Pick the right plastic off a refuse tip, then shred, melt and convert it into feedstock for 3D printers – it's a living for some of India's poorest people
WITH her small child in tow, a young woman trudges
across the hazardous clutter of a vast, dusty rubbish dump in Pune,
India, scanning for scrap to sell. This scene comes from the launch video of a social enterprise called Protoprint,
but it is played out at waste dumps in developing nations across the
world. Some 15 million people are thought to scavenge for saleable
refuse.

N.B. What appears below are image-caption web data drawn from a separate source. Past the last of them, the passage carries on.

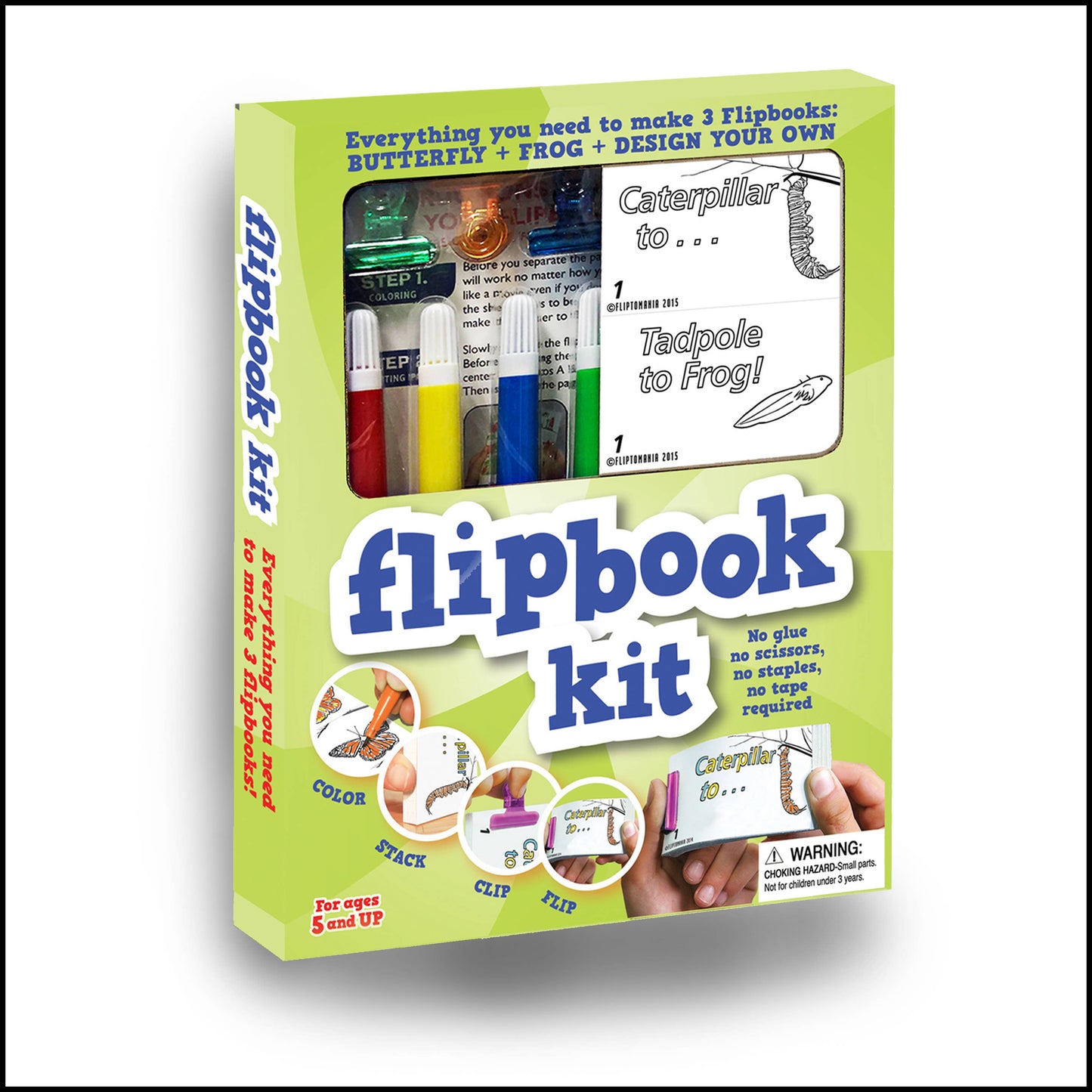 Butterfly and Frog DIY Flip book Kit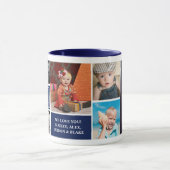 Mug Papa We Love You Navy Blue Custom Photo Collage (Centre)
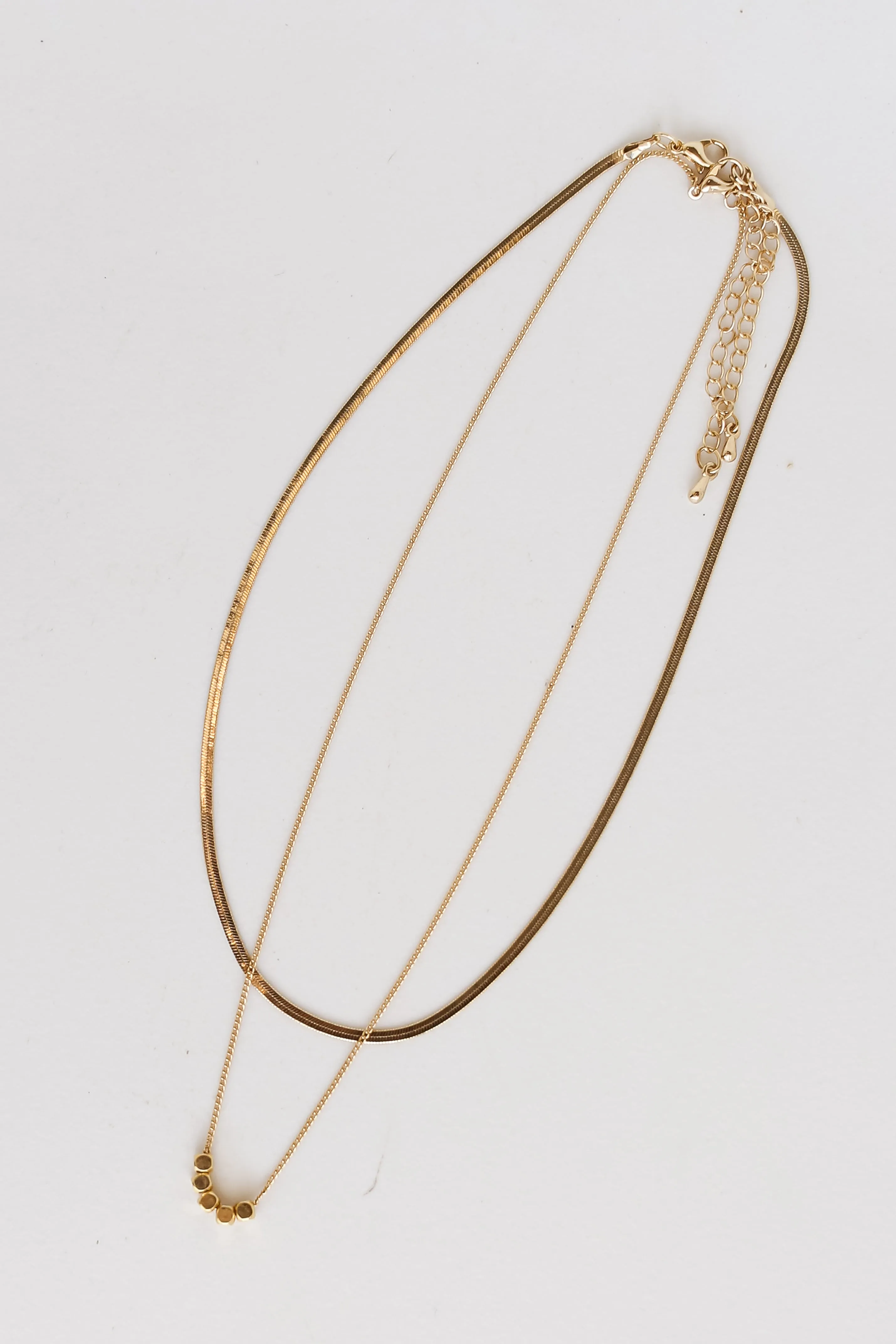 Bailey Gold Layered Chain Necklace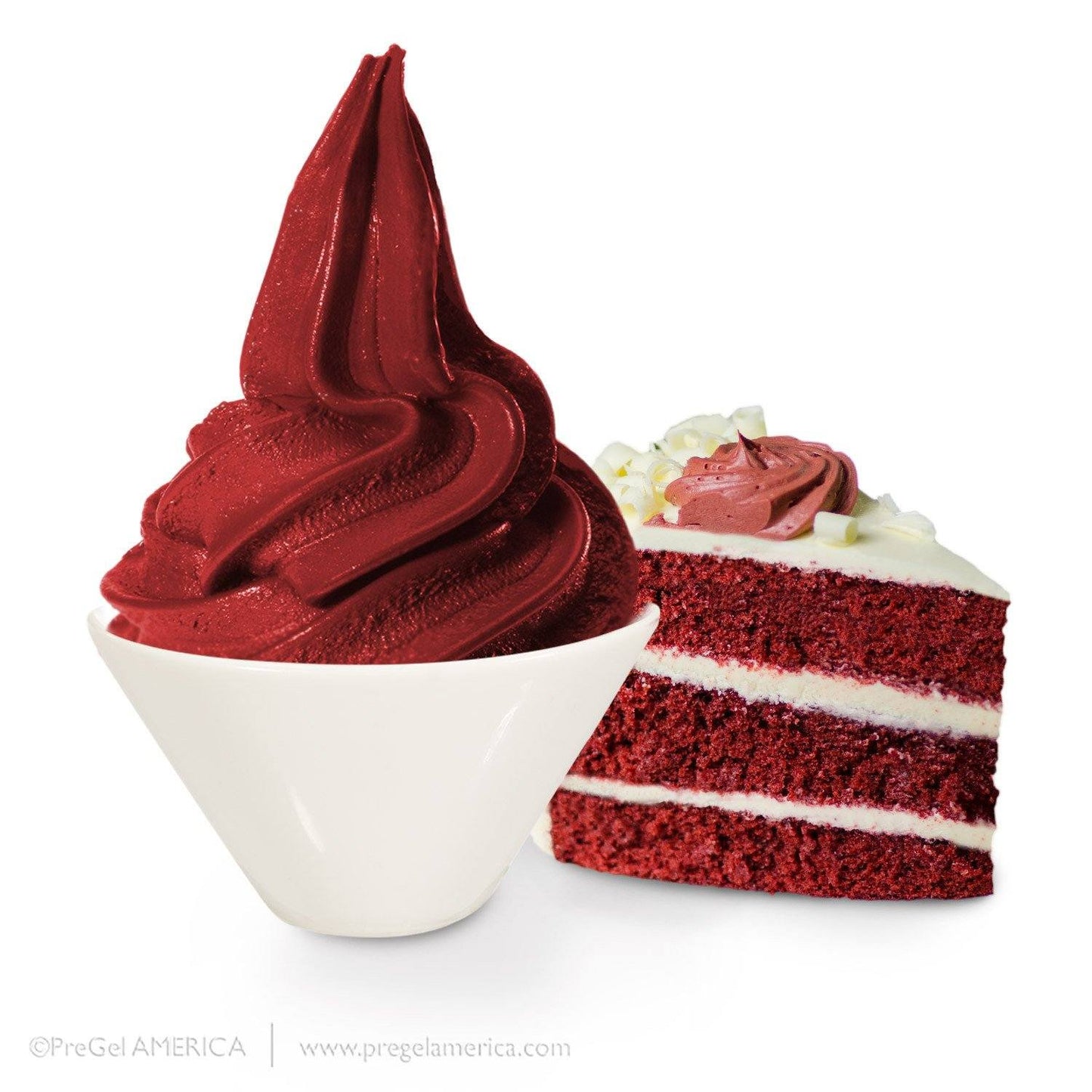 PreGel Super Sprints - Base With Flavorings Gelato Ingredients PreGel Red Velvet Single Bag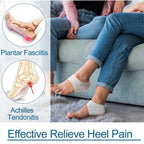 Silicone Heel Protector (2 Pcs) | Soft Heel Pad Silicone & Heel Cushion Sleeve | Heel Cover and Heel Guard for Daily Heel Comfort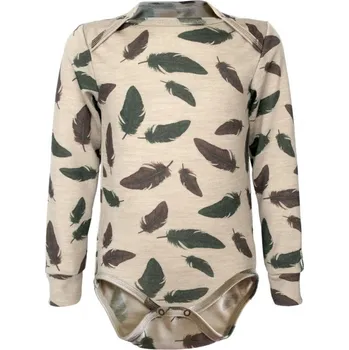 Kojenecké oblečení Rostoucí merino body dlouhý rukáv tenké dětské - Peříčka, Crawler Velikost: 80-86/92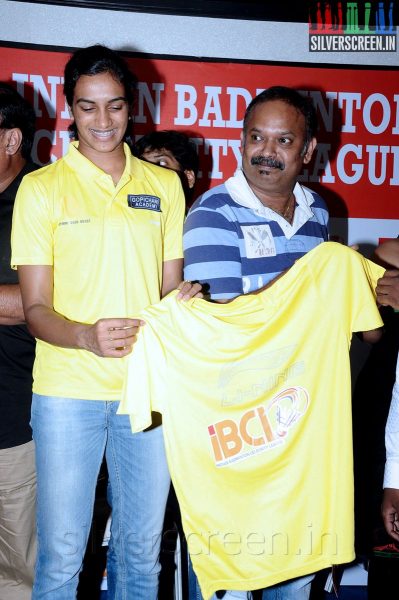 Badminton Player P V Sindhu at the Indian Badminton Celebrity League Launch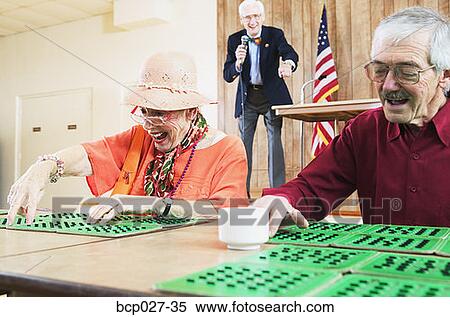 Elderly bingo players View Large Photo Image Stock Photography - Elderly bingo players. Fotosearch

Protoprint's scheme could soon improve the lives of some of
these people.
The group's aim is to train local pickers
in Pune to collect high-density polyethylene (HDPE) plastic waste and
then show them how to shred, melt and convert that plastic into the
strands of filament that are the feedstock for one of the world's
burgeoning technology industries: 3D printing.
It might sound a small market, but the
idea has enough potential that a non-governmental organisation called
TechForTrade in London is already establishing an ethics body to ensure
it doesn't lead to exploitation of the waste-pickers by, say, companies
or gangs, the group told a conference in Nottingham, UK, last week.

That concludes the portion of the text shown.